## [Work request]
Write out again, word for word, the lines below from the line that holds "Jack Staats" through the line that holds "Munda Table", omitting pictures.

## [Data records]
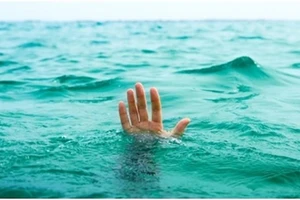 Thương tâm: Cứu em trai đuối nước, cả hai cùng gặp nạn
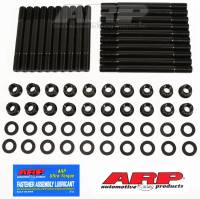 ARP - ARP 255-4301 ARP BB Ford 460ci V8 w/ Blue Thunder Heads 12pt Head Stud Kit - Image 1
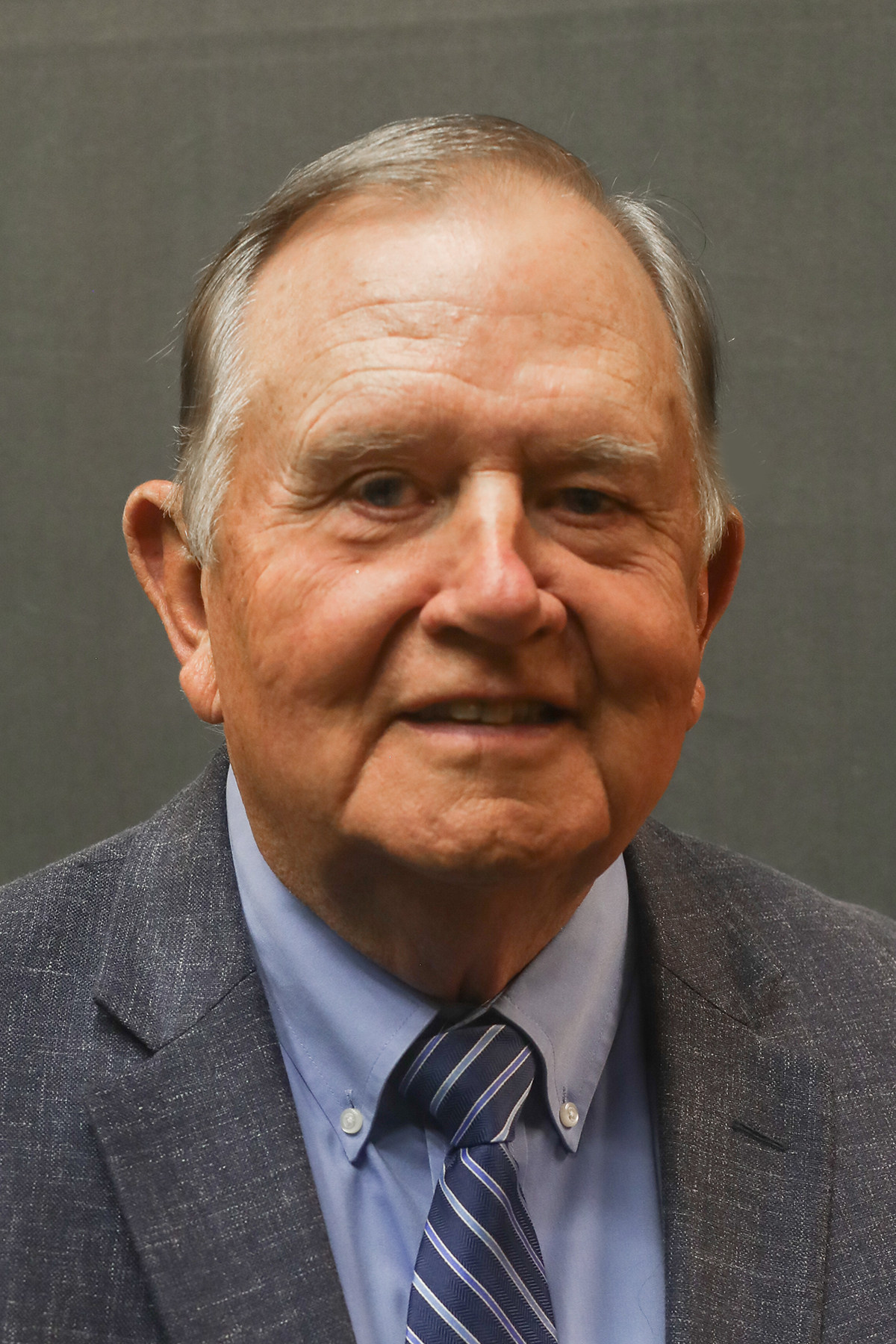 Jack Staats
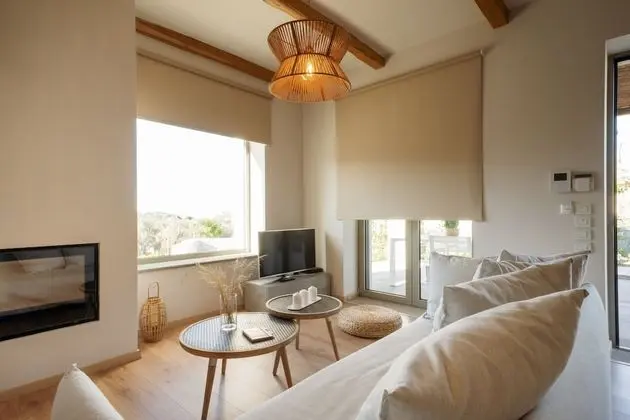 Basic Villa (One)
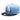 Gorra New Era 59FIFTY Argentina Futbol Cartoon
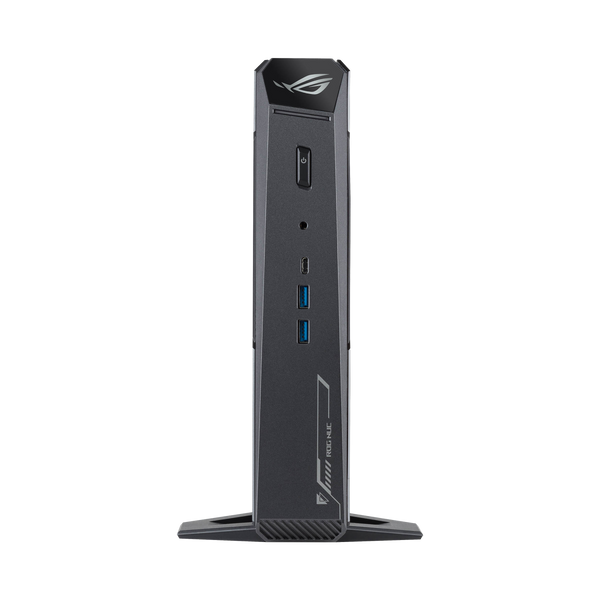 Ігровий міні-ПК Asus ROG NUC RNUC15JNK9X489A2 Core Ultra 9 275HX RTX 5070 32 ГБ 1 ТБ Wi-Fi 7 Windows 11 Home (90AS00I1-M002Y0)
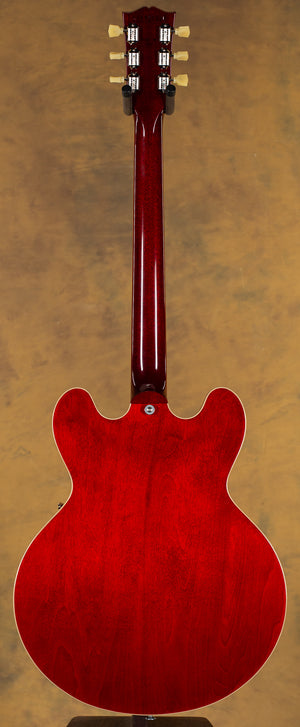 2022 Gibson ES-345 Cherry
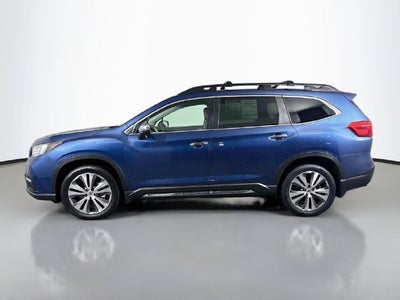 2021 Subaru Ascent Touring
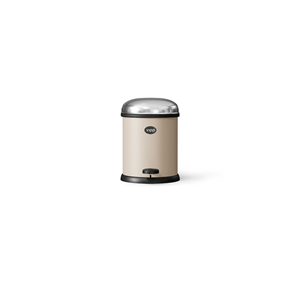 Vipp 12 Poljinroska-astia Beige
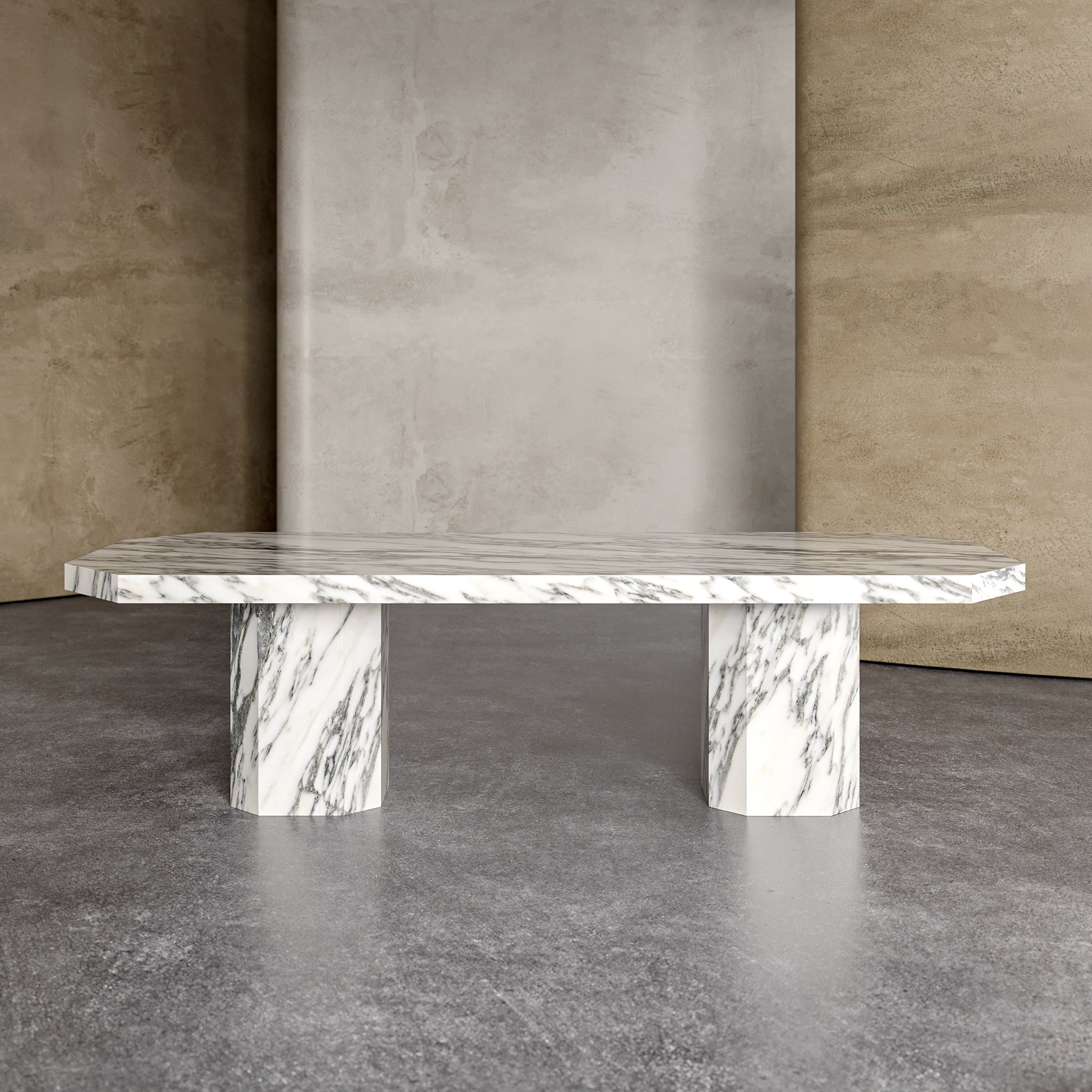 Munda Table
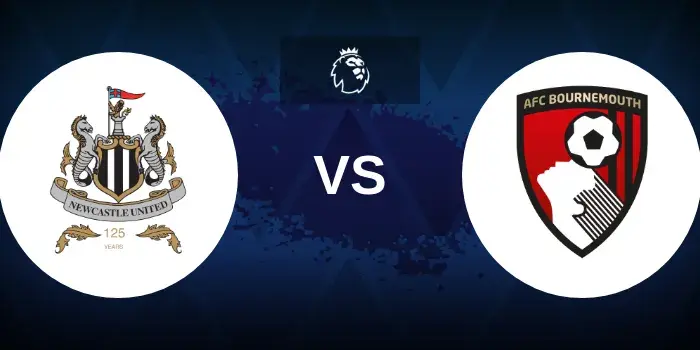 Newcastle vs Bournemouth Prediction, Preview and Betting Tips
--
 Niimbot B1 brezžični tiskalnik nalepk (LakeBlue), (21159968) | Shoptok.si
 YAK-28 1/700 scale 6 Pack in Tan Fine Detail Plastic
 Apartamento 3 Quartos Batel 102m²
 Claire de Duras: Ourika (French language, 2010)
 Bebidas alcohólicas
--
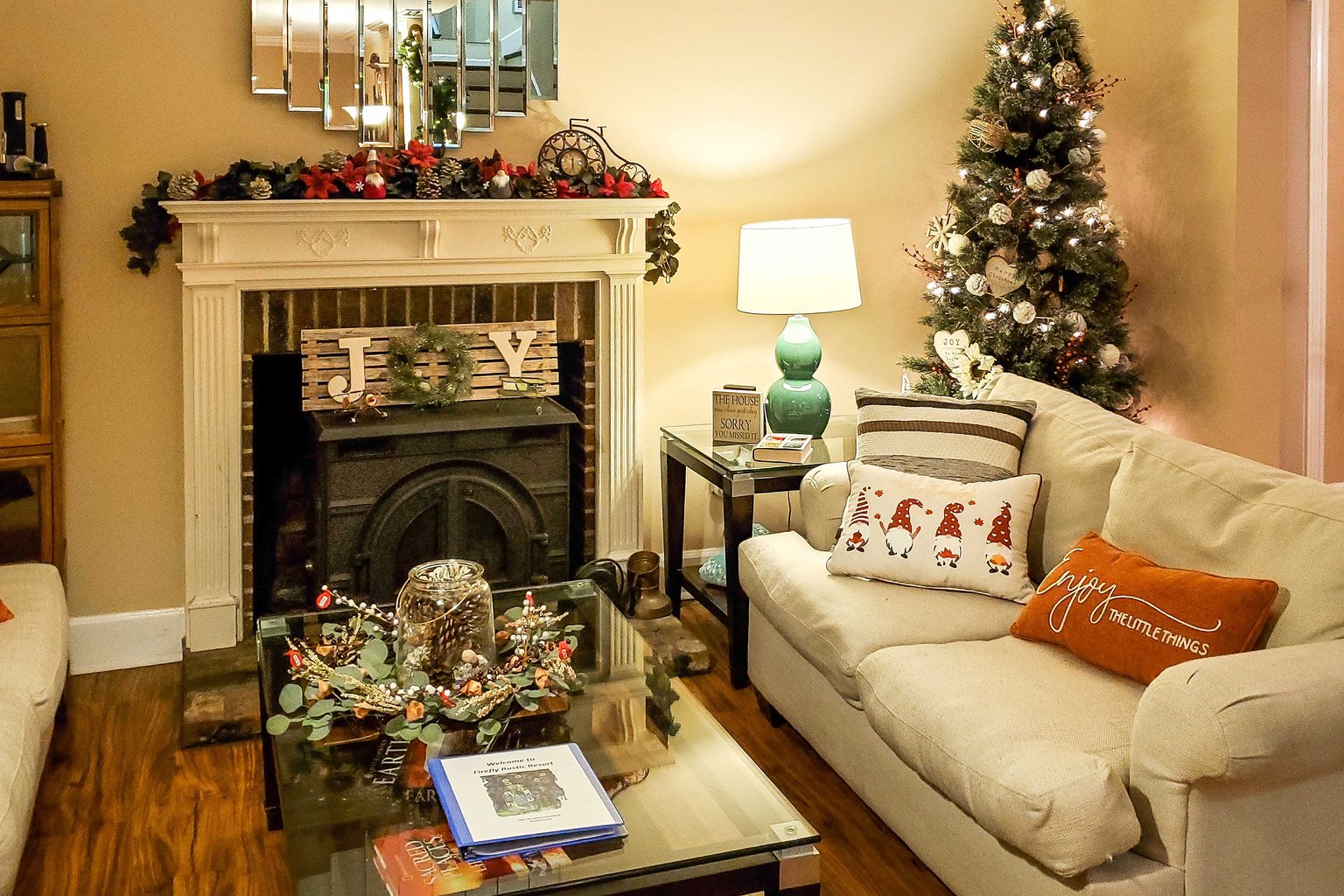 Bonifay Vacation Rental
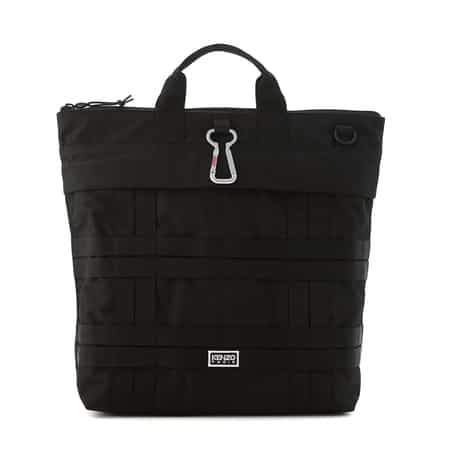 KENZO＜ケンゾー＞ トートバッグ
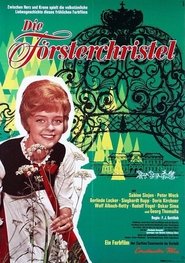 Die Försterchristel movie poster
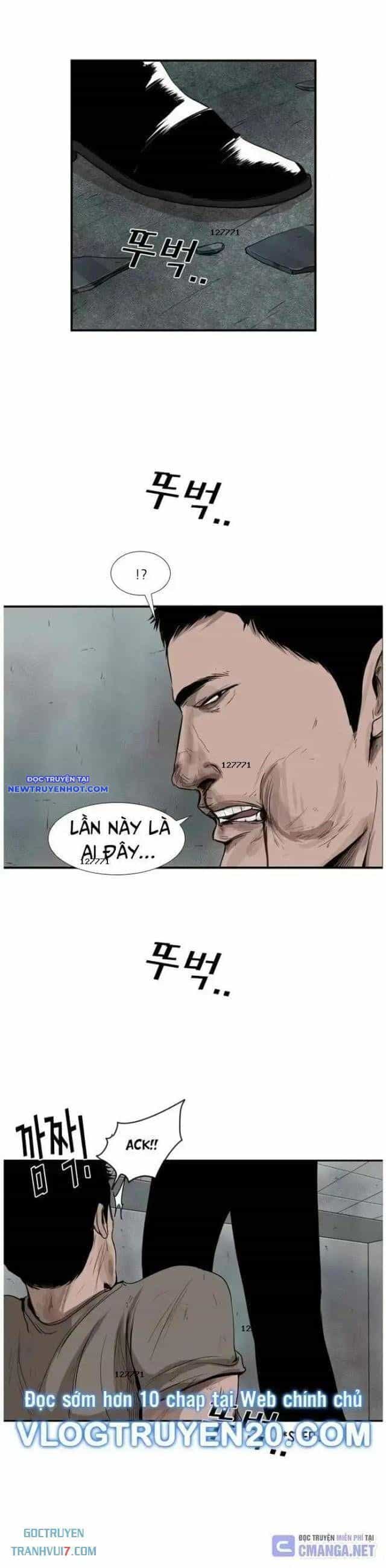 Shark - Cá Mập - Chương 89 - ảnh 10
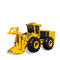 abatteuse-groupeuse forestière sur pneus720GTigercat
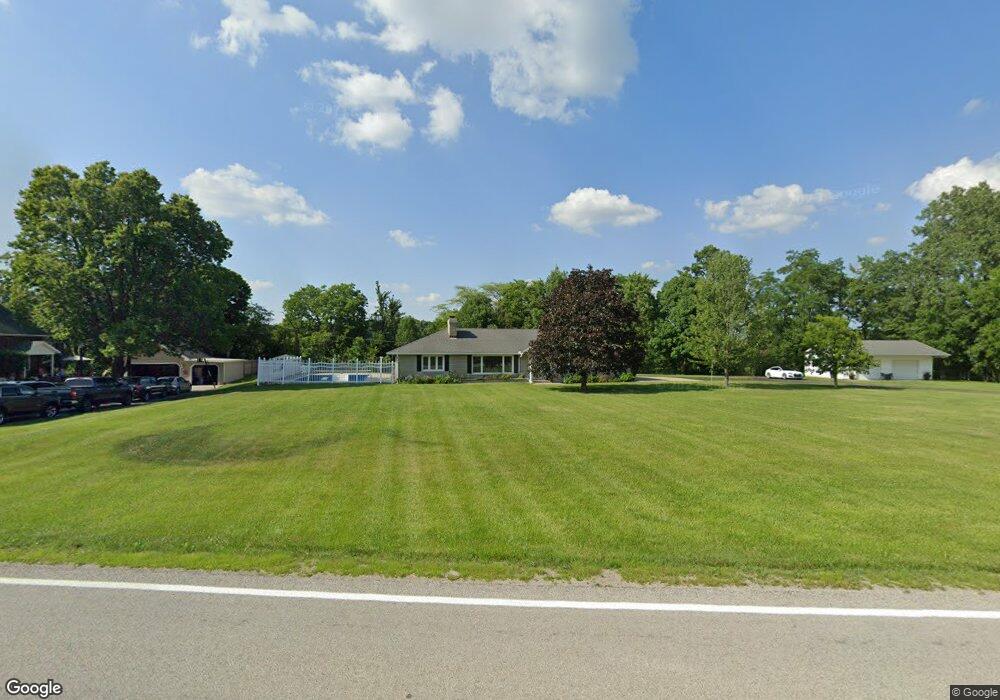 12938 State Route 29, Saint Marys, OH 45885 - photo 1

## [The completed task]
 Jack Staats
 Basic Villa (One)
 Gorra New Era 59FIFTY Argentina Futbol Cartoon
 Ігровий міні-ПК Asus ROG NUC RNUC15JNK9X489A2 Core Ultra 9 275HX RTX 5070 32 ГБ 1 ТБ Wi-Fi 7 Windows 11 Home (90AS00I1-M002Y0)
 2022 Gibson ES-345 Cherry
 2021 Subaru Ascent Touring
 Vipp 12 Poljinroska-astia Beige
 Munda Table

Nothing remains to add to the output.